A faithful copy of all the data is the goal; omit the pictures.

## COLLECTED DATA
┄┄┄┄┄┄┄┄┄┄
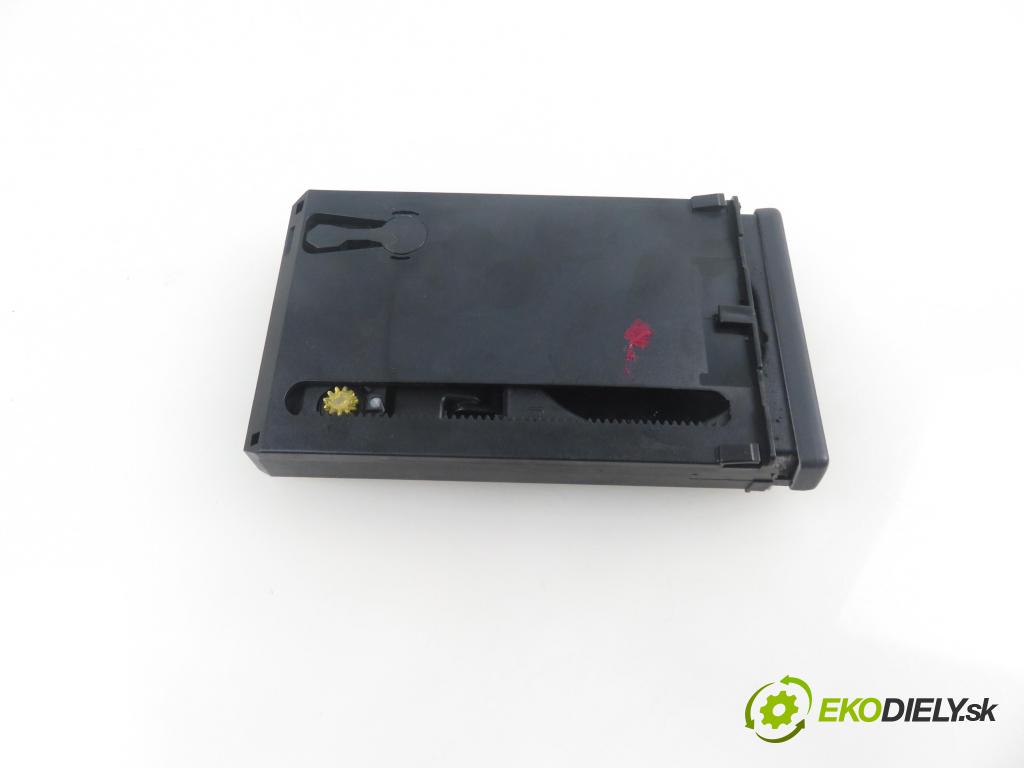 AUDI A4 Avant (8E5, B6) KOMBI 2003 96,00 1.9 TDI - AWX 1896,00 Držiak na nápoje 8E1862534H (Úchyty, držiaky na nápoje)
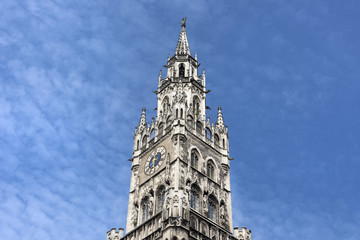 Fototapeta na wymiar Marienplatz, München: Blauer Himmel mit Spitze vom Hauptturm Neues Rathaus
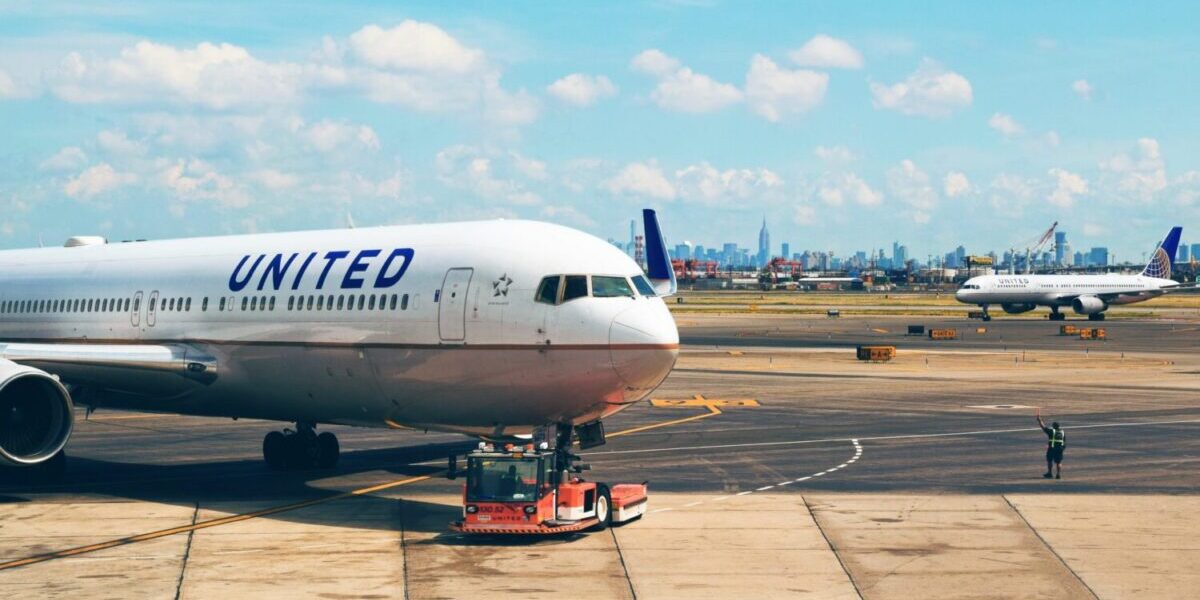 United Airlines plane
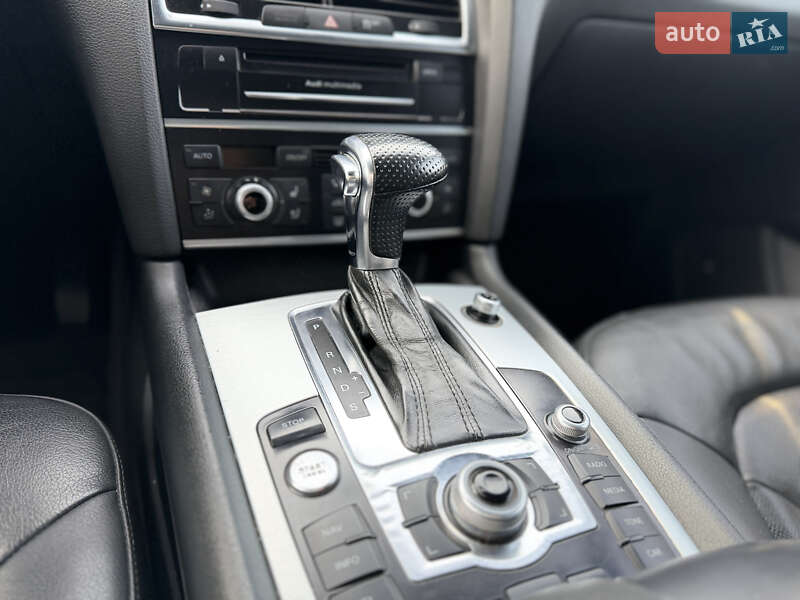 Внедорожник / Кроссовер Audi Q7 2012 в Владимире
┄┄┄┄┄┄┄┄┄┄
## YOUR SOLUTION
 AUDI A4 Avant (8E5, B6) KOMBI 2003 96,00 1.9 TDI - AWX 1896,00 Držiak na nápoje 8E1862534H (Úchyty, držiaky na nápoje)
 Fototapeta na wymiar Marienplatz, München: Blauer Himmel mit Spitze vom Hauptturm Neues Rathaus
 United Airlines plane
 Внедорожник / Кроссовер Audi Q7 2012 в Владимире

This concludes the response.